Here is the dump of my efuses for validation. The count is higher because I disabled and reenabled encryption but the results are the same. I can still see everything in plaintext in the dumped binary.
Code: Select all
EFUSE_NAME (Block) Description = [Meaningful Value] [Readable/Writeable] (Hex Value)
----------------------------------------------------------------------------------------
Calibration fuses:
BLK3_PART_RESERVE (BLOCK0): BLOCK3 partially served for ADC calibration data = False R/W (0b0)
ADC_VREF (BLOCK0): Voltage reference calibration = 1058 R/W (0b10110)
Config fuses:
XPD_SDIO_FORCE (BLOCK0): Ignore MTDI pin (GPIO12) for VDD_SDIO on reset = False R/W (0b0)
XPD_SDIO_REG (BLOCK0): If XPD_SDIO_FORCE, enable VDD_SDIO reg on reset = False R/W (0b0)
XPD_SDIO_TIEH (BLOCK0): If XPD_SDIO_FORCE & XPD_SDIO_REG = 1.8V R/W (0b0)
CLK8M_FREQ (BLOCK0): 8MHz clock freq override = 51 R/W (0x33)
SPI_PAD_CONFIG_CLK (BLOCK0): Override SD_CLK pad (GPIO6/SPICLK) = 0 R/W (0b00000)
SPI_PAD_CONFIG_Q (BLOCK0): Override SD_DATA_0 pad (GPIO7/SPIQ) = 0 R/W (0b00000)
SPI_PAD_CONFIG_D (BLOCK0): Override SD_DATA_1 pad (GPIO8/SPID) = 0 R/W (0b00000)
SPI_PAD_CONFIG_HD (BLOCK0): Override SD_DATA_2 pad (GPIO9/SPIHD) = 0 R/W (0b00000)
SPI_PAD_CONFIG_CS0 (BLOCK0): Override SD_CMD pad (GPIO11/SPICS0) = 0 R/W (0b00000)
DISABLE_SDIO_HOST (BLOCK0): Disable SDIO host = False R/W (0b0)
Efuse fuses:
WR_DIS (BLOCK0): Efuse write disable mask = 32896 R/W (0x8080)
RD_DIS (BLOCK0): Efuse read disable mask = 1 R/W (0x1)
CODING_SCHEME (BLOCK0): Efuse variable block length scheme
= NONE (BLK1-3 len=256 bits) R/W (0b00)
KEY_STATUS (BLOCK0): Usage of efuse block 3 (reserved) = False R/W (0b0)
Identity fuses:
MAC (BLOCK0): Factory MAC Address
= 24:0a:c4:c1:2e:88 (CRC 0x4b OK) R/W
MAC_CRC (BLOCK0): CRC8 for factory MAC address = 75 R/W (0x4b)
CHIP_VER_REV1 (BLOCK0): Silicon Revision 1 = True R/W (0b1)
CHIP_VER_REV2 (BLOCK0): Silicon Revision 2 = False R/W (0b0)
CHIP_VERSION (BLOCK0): Reserved for future chip versions = 2 R/W (0b10)
CHIP_PACKAGE (BLOCK0): Chip package identifier = 1 R/W (0b001)

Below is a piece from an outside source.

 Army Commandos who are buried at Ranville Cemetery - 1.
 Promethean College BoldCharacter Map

CHIP_PACKAGE_4BIT (BLOCK0): Chip package identifier #4bit = False R/W (0b0)
MAC_VERSION (BLOCK3): Version of the MAC field = 0 R/W (0x00)
Security fuses:
FLASH_CRYPT_CNT (BLOCK0): Flash encryption mode counter = 7 R/W (0b0000111)

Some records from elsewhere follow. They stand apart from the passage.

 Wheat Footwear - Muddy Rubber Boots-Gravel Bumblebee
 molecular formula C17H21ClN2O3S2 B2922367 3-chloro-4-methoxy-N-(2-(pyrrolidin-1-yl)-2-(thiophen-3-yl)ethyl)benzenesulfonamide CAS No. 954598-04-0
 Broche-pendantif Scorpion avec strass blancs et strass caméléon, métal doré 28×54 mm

UART_DOWNLOAD_DIS (BLOCK0): Disable UART download mode (ESP32 rev3 only) = False R/W (0b0)
FLASH_CRYPT_CONFIG (BLOCK0): Flash encryption config (key tweak bits) = 15 R/W (0xf)
CONSOLE_DEBUG_DISABLE (BLOCK0): Disable ROM BASIC interpreter fallback = True R/- (0b1)
ABS_DONE_0 (BLOCK0): Secure boot V1 is enabled for bootloader image = False R/W (0b0)
ABS_DONE_1 (BLOCK0): Secure boot V2 is enabled for bootloader image = False R/W (0b0)
JTAG_DISABLE (BLOCK0): Disable JTAG = True R/W (0b1)
DISABLE_DL_ENCRYPT (BLOCK0): Disable flash encryption in UART bootloader = False R/- (0b0)
DISABLE_DL_DECRYPT (BLOCK0): Disable flash decryption in UART bootloader = True R/- (0b1)
DISABLE_DL_CACHE (BLOCK0): Disable flash cache in UART bootloader = True R/- (0b1)
BLOCK1 (BLOCK1): Flash encryption key
= ?? ?? ?? ?? ?? ?? ?? ?? ?? ?? ?? ?? ?? ?? ?? ?? ?? ?? ?? ?? ?? ?? ?? ?? ?? ?? ?? ?? ?? ?? ?? ?? -/-
BLOCK2 (BLOCK2): Secure boot key
= 00 00 00 00 00 00 00 00 00 00 00 00 00 00 00 00 00 00 00 00 00 00 00 00 00 00 00 00 00 00 00 00 R/W
BLOCK3 (BLOCK3): Variable Block 3
= 00 00 00 00 00 00 00 00 00 00 00 00 00 00 00 00 00 00 00 00 00 00 00 00 00 00 00 00 00 00 00 00 R/W
Wow, don't I feel foolish. As part of enabling flash encryption I left bootloader logging on and, therefore, had to move the app partition after making more room for the bootloader. This is exactly what was going on. I did an idf.py erase_flash followed by an idf.py encrypted-flash. Everything ran fine and then I used esptool.py to dump the flash contents and confirmed it is fully encrypted.